Material shown below:

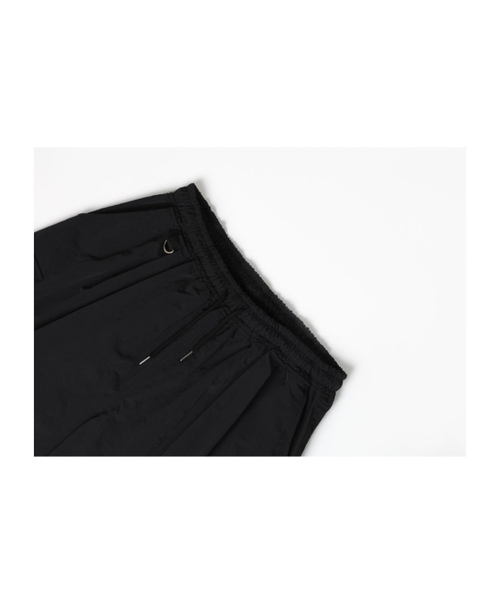 GUBIN（グビン）の「[シーズンオフ] パッチポイントナイロンカーゴハーフパンツ - ブラック（その他パンツ・メンズ・その他・MEDIUM/LARGE）」の3枚目の写真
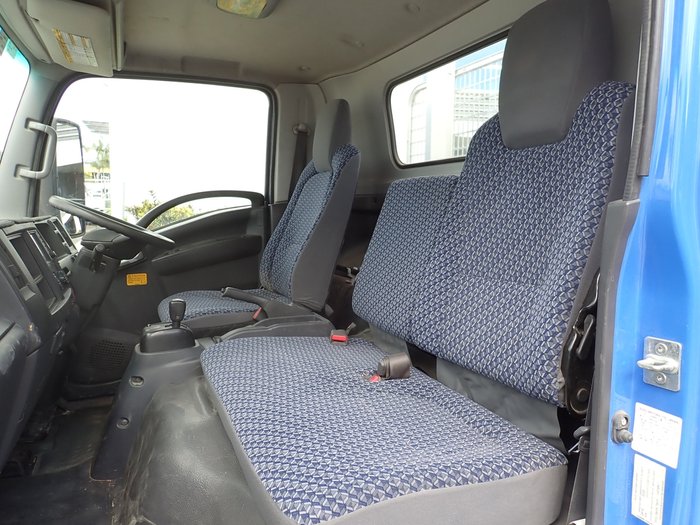 2022 ISUZU NPR 45/55-155 BLUE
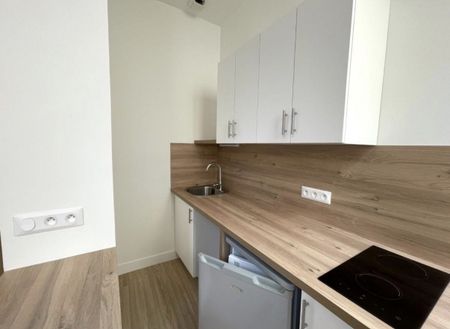 Location Appartement 1 pièce 27m² ANGERS 49100 - Photo 2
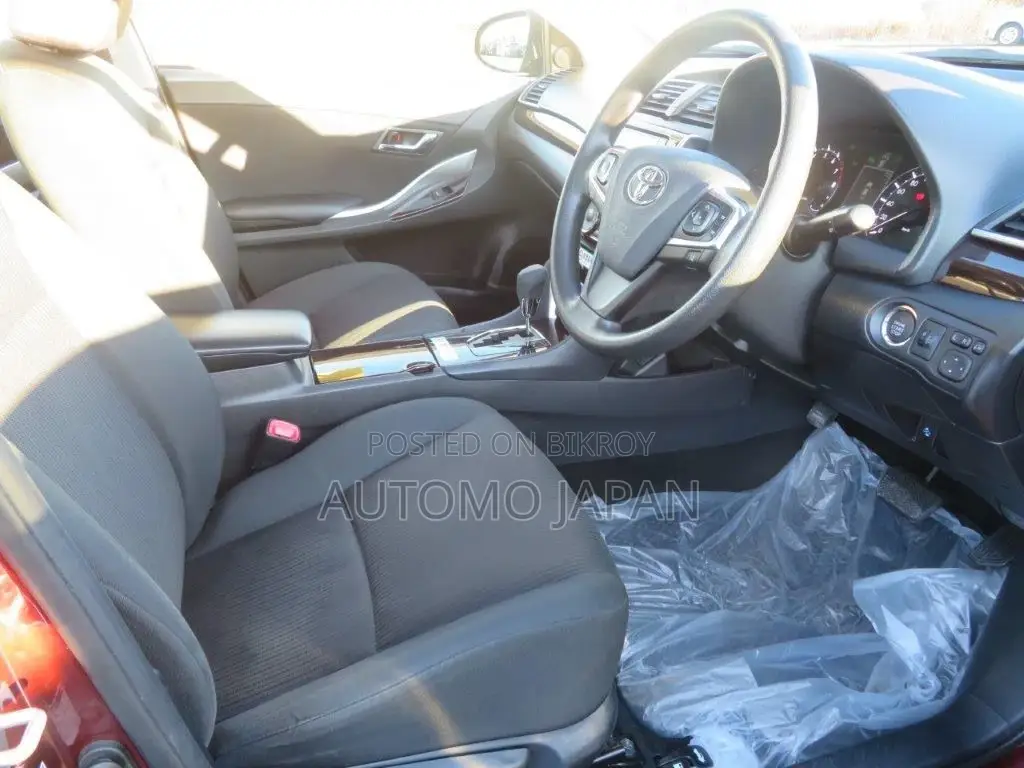 Toyota Premio FL 2020
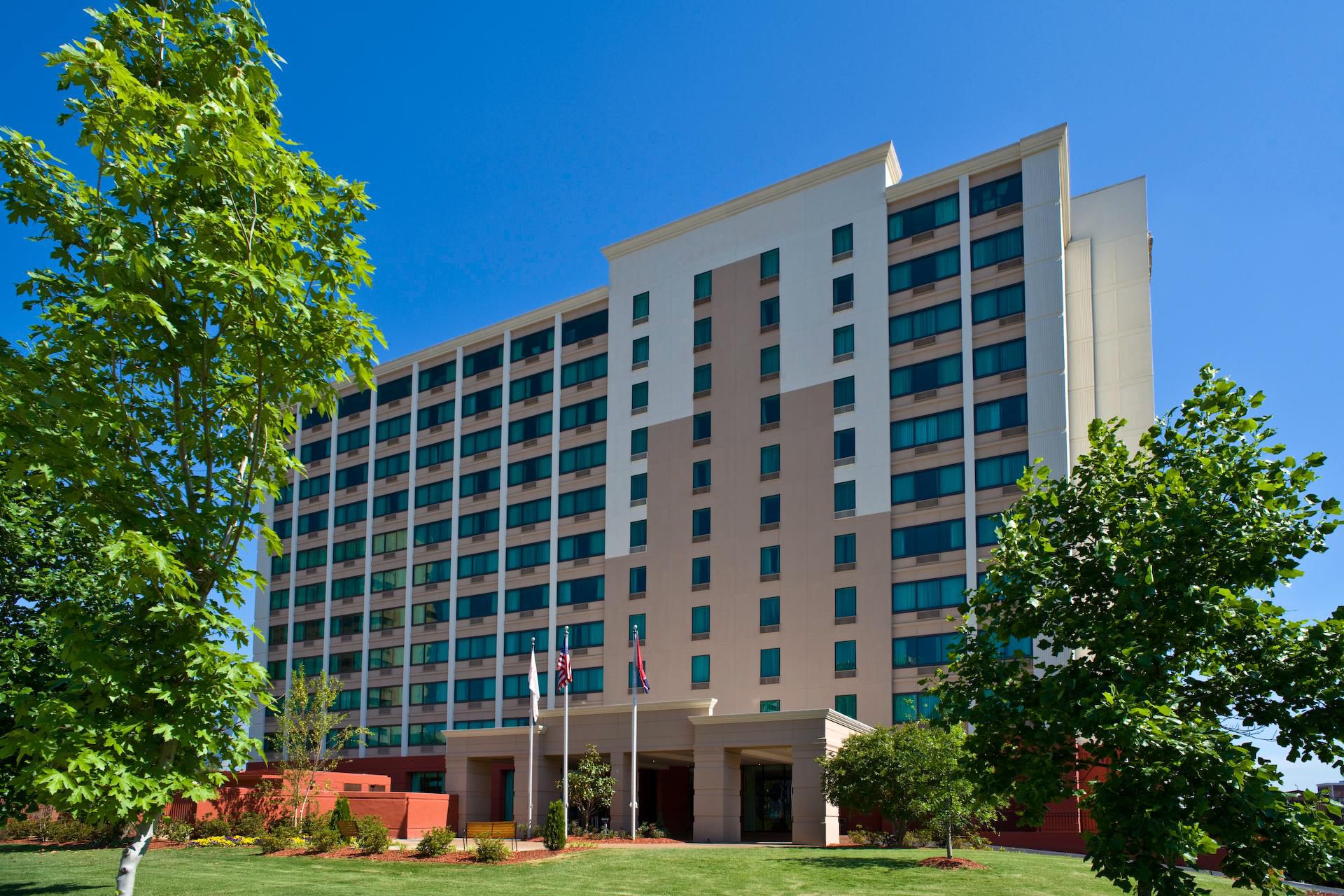Stay with Crowne Plaza Memphis Downtown in the heart of Memphis.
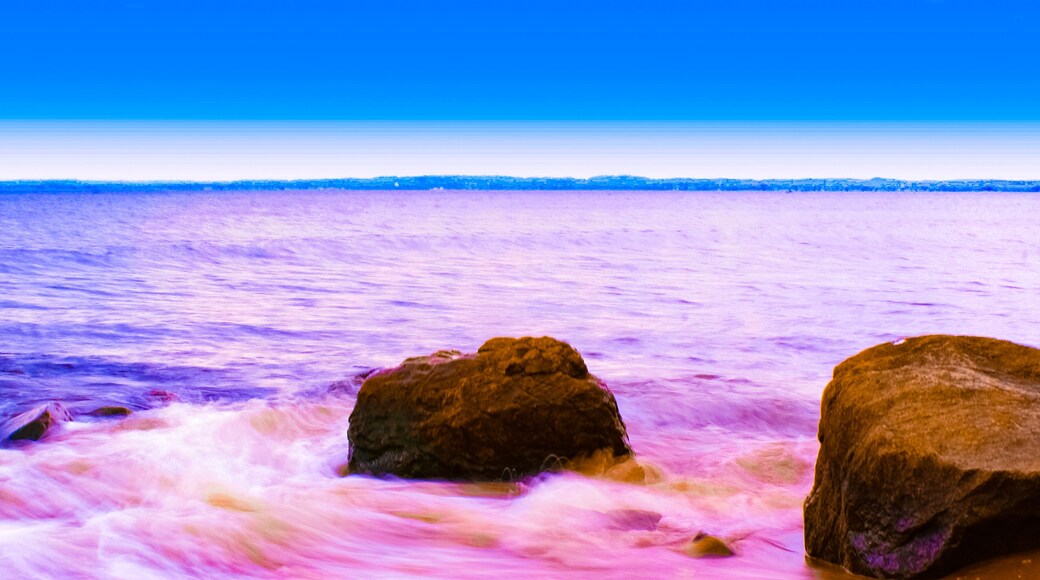 Staten Island used to be a touristy beach area in the 1900s for a reason. Fun fact: I've never traveled and want to take my mom to Hawaii after a very hard 2 years. She had a heart attack in 2017 and a we lost Dad last August. Hope to create some good memories. Thank you. #adventure #hawaii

End of Material shown.

* [What the task requires] Above are the records. Copy exactly, and only, the lines from the line containing "2022 ISUZU NPR 45/55-155 BLUE" through the last one, omitting any pictures.

* [Task result]
 2022 ISUZU NPR 45/55-155 BLUE
 Location Appartement 1 pièce 27m² ANGERS 49100 - Photo 2
 Toyota Premio FL 2020
Stay with Crowne Plaza Memphis Downtown in the heart of Memphis.
 Staten Island used to be a touristy beach area in the 1900s for a reason. Fun fact: I've never traveled and want to take my mom to Hawaii after a very hard 2 years. She had a heart attack in 2017 and a we lost Dad last August. Hope to create some good memories. Thank you. #adventure #hawaii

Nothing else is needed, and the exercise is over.